Ateliers St-Etienne-les-Orgues

Les contraires


Danse forum
Comptes-ren­dus des ate­liers

Nous étions sept, dont cinq nou­veaux.

Les sen­sa­tions ini­tiales allaient de la som­no­lence à la légè­re­té, à la lour­deur, au bien-être, à la ten­sion jusqu’à la tran­quilli­té. Ces sen­sa­tions nous ont emme­nés à des mou­ve­ments d’attraction au sol et des sau­tille­ments, des rou­lades qui massent à des pro­me­nades dans la salle, à des rebonds ou des enfon­ce­ments dans le sol.
Très rapi­de­ment on a par­lé des forces contraires qui font qu’on peut se sen­tir léger par exemple, à condi­tion de prendre appui sur le sol, rebon­dir, repar­tir vers le haut. Même les per­sonnes qui étaient plu­tôt dans des éner­gies qui tirent vers la terre, le bas (lour­deur, som­no­lence, enfon­ce­ment) ont consta­té la même chose, qu’à un cer­tain moment il y a une force contraire qui sur­git et nous ramène ailleurs, vers le haut. Le thème était donc très rapi­de­ment clair : « les contraires ».
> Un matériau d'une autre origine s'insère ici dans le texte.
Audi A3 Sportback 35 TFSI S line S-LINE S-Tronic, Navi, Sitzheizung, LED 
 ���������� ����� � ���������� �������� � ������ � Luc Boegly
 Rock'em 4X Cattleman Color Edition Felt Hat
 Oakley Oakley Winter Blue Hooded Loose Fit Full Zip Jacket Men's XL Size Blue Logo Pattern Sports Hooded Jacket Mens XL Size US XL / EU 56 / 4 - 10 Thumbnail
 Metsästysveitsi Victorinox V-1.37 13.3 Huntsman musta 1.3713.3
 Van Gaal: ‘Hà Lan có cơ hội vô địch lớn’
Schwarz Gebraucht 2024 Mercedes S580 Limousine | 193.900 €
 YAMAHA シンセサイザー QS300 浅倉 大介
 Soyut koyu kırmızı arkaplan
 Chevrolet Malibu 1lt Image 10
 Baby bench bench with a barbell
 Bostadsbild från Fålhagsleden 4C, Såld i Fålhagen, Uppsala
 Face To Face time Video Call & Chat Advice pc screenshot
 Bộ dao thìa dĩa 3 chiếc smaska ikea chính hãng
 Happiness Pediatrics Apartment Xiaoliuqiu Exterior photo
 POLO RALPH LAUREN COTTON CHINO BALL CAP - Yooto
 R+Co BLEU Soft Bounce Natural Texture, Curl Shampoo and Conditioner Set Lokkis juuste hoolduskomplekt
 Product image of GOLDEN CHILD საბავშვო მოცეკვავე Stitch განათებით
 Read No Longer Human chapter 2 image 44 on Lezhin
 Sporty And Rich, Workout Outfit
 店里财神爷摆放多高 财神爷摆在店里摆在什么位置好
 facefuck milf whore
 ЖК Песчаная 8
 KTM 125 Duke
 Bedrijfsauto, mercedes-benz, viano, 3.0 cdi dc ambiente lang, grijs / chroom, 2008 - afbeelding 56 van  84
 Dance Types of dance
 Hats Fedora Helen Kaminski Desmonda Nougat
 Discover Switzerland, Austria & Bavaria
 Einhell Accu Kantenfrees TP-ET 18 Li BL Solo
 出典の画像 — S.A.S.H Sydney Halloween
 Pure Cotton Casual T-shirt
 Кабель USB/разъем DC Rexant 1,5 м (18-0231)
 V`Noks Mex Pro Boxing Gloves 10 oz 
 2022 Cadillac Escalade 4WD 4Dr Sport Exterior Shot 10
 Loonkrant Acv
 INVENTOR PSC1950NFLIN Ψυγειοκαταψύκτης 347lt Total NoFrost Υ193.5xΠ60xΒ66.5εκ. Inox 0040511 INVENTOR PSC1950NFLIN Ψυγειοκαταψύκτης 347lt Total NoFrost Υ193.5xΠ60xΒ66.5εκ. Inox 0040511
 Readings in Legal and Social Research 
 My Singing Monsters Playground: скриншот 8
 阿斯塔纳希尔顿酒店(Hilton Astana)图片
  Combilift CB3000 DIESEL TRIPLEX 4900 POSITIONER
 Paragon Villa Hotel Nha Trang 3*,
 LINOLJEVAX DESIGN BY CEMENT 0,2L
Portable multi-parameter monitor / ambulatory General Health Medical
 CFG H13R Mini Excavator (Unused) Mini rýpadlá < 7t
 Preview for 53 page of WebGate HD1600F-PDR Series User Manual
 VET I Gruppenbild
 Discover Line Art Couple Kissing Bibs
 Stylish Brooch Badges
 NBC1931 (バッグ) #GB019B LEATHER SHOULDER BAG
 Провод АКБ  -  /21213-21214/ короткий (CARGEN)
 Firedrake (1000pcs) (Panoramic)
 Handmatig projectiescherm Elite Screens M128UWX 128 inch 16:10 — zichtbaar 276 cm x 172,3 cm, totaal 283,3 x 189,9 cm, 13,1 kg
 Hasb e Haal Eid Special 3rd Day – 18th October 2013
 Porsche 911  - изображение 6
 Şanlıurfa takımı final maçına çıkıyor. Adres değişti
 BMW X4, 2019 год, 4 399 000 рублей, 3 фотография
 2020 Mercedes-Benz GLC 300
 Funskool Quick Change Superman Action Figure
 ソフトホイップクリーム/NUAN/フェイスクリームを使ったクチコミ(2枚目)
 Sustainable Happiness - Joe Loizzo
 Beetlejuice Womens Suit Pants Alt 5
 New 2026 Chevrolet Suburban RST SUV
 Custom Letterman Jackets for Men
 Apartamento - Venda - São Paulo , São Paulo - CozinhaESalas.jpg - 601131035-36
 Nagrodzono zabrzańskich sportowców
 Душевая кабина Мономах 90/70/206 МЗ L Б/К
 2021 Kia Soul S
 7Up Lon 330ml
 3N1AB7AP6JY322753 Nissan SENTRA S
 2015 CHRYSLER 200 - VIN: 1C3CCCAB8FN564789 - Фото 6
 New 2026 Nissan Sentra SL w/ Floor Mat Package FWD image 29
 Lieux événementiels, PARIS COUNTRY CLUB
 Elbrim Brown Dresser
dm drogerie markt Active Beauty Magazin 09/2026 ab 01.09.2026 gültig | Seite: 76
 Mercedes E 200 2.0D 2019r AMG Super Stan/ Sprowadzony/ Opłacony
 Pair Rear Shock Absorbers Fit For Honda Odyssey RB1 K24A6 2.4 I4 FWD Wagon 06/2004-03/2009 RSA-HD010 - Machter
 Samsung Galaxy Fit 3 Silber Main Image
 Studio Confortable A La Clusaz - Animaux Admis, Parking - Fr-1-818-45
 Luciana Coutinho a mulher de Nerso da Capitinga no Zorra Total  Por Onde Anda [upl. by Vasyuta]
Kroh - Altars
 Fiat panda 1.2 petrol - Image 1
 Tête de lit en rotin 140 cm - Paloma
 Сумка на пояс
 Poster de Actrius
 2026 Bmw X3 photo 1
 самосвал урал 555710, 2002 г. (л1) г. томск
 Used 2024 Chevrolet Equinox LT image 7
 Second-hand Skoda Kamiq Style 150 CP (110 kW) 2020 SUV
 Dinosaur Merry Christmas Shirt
Dans le forum, ces contraires se sont avé­rés à plein d’endroits dif­fé­rents, par­fois là où on ne les atten­dait pas. Direc­tions oppo­sées dans l’espace, rythmes contraires, pos­tures à l’opposé (ver­ti­cale-hori­zon­tale) sans les for­cer et par­fois s’intervertissant puis sou­vent s’oubliant au milieu de tâton­ne­ments, tour­billons et autres gali­pettes.
Puis sou­dai­ne­ment un corps qui croise mon che­min, je me repose sur lui et je retrouve deux forces qui s’opposent, une qui pèse vers le bas, l’autre qui pousse vers le haut. Quel bon­heur ! Ou dos à dos, puis mains contre mains, deux corps qui se tiennent par leur poids, deviennent porte, emprun­tée par un autre dan­seur pour ren­trer, deviennent mou­ve­ment de tour­billon à deux puis cha­cun se perd dans une direc­tion oppo­sée. Le rebond était bien là aus­si.

Qui sait pour­quoi, d’un coup, dans un mou­ve­ment à deux ou même à plu­sieurs en par­faite har­mo­nie, che­min fai­sant, l’un d’entre eux se dégage par un rebond, un contre-point, un sur­saut pour trou­ver sa liber­té. Com­ment une éner­gie tran­quille peut d’un coup don­ner nais­sance à un mou­ve­ment rapide, contraire. Ou vice-ver­sa. Les per­cus­sions du Trio Che­mi­ra­ni n’ont pas tou­jours eu un effet de mise en rythme rapide, le contraire était vrai aus­si. Goû­ter à ces contraires est déli­cieux même si le thème au bout des quatre impro­vi­sa­tions nous est appa­ru plus que par petits ins­tants, mais bien pré­cis, en tout cas pour moi.

La finale, inat­ten­due, a été une impro de per­cus­sions par les pieds (contras­té par un mou­ve­ment lent et plu­tôt de ser­pent sur le haut du corps), émer­gé du silence de la fin du der­nier mor­ceau musi­cal, d’une dan­seuse qui ne vou­lait pas s’arrêter – et tant mieux d’ailleurs. Le sol en immense caisse de réso­nance qui appe­lait d’autres pieds, d’autres temps. Mor­ceau dan­sé et joué par nos pieds et nos corps qui s’est ter­mi­né avec le souffle balayant toutes les vibra­tions, traces et sons mais lais­sant place à un grand bon­heur de toutes les petites mer­veilles qui s’étaient pas­sées aupa­ra­vant.

PS : le fait d’avoir vu Guillaume joké­ri­ser notre ate­lier de théâtre-forum d’hier soir à Lam­besc m’a bien aidée aujourd’hui pour être plus claire, plus cen­trée dans la pro­blé­ma­ti­sa­tion, même s’il y a encore beau­coup de che­min à faire. D’ailleurs, et je tiens à le dire, l’atelier d’hier où Guillaume nous a per­mis une sorte de « retour au sources » m’a bien plu et m’a per­mis d’avoir un autre regard sur cette pra­tique.